# Task 1: Web Scraping a Wikipedia table

Using `BeautifulSoup` to scrape the table of [Postal codes in Toronto](https://en.wikipedia.org/wiki/List_of_postal_codes_of_Canada:_M) from Wikipedia.

In [1]:
import requests
from bs4 import BeautifulSoup
import pandas as pd

We first make a `get` request to obtain the `html` for the page, which we then feed into a `BeautifulSoup` object. 

In [2]:
URL = 'https://en.wikipedia.org/wiki/List_of_postal_codes_of_Canada:_M'
r = requests.get(URL)
soup = BeautifulSoup(r.content, 'lxml')

With the page saved locally in `soup`, we now find the table on the page of class `wikitable sortable` (as found by inspecting the `html` on the website), and then divide it into separate rows by searching for `tr` tags.

In [3]:
table = soup.find('table', attrs={'class':'wikitable sortable'})
table_data = table.find_all('tr')

In order to construct our dataframe, we first construct a table of dictionaries; the keys will determine the columns of the dataframe.

In [4]:
# Initialise an empty list for the neighbourhoods.

neighbourhoods = []

For later use, we collect the header names within a table called `headers` by finding the `th` tags within the first row of `table_data` (i.e., the header row). When we convert the results to text they will contain line break characters, which we remove along with whitespace.

In [5]:
# Collect the header names in a list

headers = [th.text.replace('\n','').replace(' ', '') for th in table_data[0].find_all('th')]

After doing this, we scan through the rest of `table_data`: for each row of the table we first produce an empty dictionary and then, using a zipped list of `headers` and the elements of the row contained within `td` tags, we associate to the dictionary the header names as keys and the table entries as values (with line break characters again removed). This dictionary is then appended to `neighbourhoods`.

In [6]:
for n in range(1, len(table_data)):
    neighbourhood = dict()
    for header, td in zip(headers, table_data[n].find_all('td')):
        neighbourhood[header] = td.text.replace('\n','')
    neighbourhoods.append(neighbourhood)

We can now convert this list into a dataframe using the `pandas.DataFrame()` function.

In [7]:
df = pd.DataFrame(neighbourhoods)
df.head()

Unnamed: 0,PostalCode,Borough,Neighbourhood
0,M1A,Not assigned,Not assigned
1,M2A,Not assigned,Not assigned
2,M3A,North York,Parkwoods
3,M4A,North York,Victoria Village
4,M5A,Downtown Toronto,"Regent Park, Harbourfront"

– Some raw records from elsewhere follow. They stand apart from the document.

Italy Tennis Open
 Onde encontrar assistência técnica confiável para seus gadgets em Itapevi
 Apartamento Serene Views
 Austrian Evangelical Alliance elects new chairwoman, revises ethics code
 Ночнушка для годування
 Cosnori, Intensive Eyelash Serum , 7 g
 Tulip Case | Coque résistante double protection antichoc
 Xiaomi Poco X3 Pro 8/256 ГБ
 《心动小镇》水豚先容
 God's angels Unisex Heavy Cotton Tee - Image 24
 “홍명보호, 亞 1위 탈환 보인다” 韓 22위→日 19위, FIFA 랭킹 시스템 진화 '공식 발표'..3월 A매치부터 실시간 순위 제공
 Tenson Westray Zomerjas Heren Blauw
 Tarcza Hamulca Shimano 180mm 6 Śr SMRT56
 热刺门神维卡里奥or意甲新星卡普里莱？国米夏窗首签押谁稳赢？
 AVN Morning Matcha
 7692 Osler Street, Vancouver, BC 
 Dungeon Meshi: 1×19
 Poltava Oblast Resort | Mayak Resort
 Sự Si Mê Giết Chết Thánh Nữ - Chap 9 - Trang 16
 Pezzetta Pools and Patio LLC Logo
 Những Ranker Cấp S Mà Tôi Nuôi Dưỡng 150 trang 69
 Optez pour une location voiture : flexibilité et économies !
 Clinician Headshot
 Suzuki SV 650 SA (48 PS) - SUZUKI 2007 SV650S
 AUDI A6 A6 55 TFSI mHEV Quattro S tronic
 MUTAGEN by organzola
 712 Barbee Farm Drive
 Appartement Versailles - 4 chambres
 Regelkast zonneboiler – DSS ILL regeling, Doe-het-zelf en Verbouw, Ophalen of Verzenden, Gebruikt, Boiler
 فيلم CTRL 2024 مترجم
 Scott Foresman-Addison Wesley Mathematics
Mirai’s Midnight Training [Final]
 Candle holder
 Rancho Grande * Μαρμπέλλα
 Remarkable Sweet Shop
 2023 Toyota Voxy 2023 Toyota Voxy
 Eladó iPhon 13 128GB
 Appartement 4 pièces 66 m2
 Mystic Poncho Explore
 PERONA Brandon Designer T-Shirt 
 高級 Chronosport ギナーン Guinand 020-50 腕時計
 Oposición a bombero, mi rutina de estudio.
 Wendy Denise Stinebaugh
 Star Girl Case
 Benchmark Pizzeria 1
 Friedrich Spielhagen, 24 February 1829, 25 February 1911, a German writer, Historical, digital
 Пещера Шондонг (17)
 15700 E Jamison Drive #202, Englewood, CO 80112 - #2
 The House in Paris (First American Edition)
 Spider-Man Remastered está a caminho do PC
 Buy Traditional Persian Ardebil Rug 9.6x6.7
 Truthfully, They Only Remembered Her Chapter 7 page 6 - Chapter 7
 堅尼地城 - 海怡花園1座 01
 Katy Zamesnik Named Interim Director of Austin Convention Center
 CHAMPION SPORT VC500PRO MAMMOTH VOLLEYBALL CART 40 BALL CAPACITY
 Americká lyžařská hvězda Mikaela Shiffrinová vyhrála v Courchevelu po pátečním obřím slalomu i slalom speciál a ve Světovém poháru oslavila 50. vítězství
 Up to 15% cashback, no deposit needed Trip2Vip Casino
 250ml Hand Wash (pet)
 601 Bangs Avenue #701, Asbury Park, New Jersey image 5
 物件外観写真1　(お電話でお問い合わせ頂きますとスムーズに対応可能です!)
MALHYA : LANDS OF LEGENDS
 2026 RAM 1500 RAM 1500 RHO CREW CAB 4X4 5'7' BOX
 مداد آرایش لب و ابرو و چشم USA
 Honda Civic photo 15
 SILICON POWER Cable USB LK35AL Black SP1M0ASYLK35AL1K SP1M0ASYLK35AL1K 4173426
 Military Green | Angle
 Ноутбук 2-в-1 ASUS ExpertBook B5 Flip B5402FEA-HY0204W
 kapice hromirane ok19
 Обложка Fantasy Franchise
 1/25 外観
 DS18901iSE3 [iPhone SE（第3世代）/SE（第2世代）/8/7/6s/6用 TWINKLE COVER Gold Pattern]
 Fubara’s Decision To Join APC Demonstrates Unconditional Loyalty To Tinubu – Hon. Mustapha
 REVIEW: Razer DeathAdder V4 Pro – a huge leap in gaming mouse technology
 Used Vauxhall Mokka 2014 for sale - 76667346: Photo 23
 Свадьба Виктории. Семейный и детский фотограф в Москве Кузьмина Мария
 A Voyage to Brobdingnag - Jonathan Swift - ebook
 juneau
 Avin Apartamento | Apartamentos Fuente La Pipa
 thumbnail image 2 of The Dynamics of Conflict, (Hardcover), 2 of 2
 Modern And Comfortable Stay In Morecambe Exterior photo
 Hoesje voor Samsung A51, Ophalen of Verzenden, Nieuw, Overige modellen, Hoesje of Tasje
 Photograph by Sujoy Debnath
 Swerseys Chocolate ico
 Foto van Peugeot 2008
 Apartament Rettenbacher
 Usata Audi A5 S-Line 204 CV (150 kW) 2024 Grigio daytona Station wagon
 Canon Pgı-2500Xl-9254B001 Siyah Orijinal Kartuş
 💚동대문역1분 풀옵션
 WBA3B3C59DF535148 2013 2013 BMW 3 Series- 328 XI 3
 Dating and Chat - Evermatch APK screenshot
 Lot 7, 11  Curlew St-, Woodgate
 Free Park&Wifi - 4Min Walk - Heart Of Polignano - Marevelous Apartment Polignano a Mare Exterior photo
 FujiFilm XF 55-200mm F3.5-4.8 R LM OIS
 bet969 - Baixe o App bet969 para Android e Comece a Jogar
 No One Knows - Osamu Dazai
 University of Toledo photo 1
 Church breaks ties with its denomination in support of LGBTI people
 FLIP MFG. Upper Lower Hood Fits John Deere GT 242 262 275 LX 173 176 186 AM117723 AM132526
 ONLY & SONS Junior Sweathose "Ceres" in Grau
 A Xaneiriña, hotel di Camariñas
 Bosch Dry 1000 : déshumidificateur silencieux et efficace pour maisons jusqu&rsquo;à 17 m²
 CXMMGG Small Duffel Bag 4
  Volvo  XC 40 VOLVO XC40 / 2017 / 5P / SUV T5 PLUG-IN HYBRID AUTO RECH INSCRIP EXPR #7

We can immediately see that some postal codes do not have an associated borough, so let's collect their indices and then drop them from the dataframe.

In [8]:
empty_rows = df[df['Borough']=='Not assigned'].index
df.drop(empty_rows, axis=0, inplace=True)
df.reset_index(drop=True, inplace=True)
df.head()

Unnamed: 0,PostalCode,Borough,Neighbourhood
0,M3A,North York,Parkwoods
1,M4A,North York,Victoria Village
2,M5A,Downtown Toronto,"Regent Park, Harbourfront"
3,M6A,North York,"Lawrence Manor, Lawrence Heights"
4,M7A,Downtown Toronto,"Queen's Park, Ontario Provincial Government"


As there is a potential risk that there are duplicates of postal codes in the original table, we compare the number of rows in the table to the number of unique postal codes:

In [9]:
print(f"There are {df.shape[0]} rows in the table, and {df['PostalCode'].nunique()} unique postal codes")

There are 103 rows in the table, and 103 unique postal codes


There does not seem to be any duplicate postal codes. But what about if there are any neighbourhoods that are not assigned?

In [10]:
print(f"The number of neighbourhoods that are not assigned: {df[df['Neighbourhood']=='Not assigned'].shape[0]}")

The number of neighbourhoods that are not assigned: 0


So, as a sanity check: what size is the dataframe?

In [11]:
df.shape

(103, 3)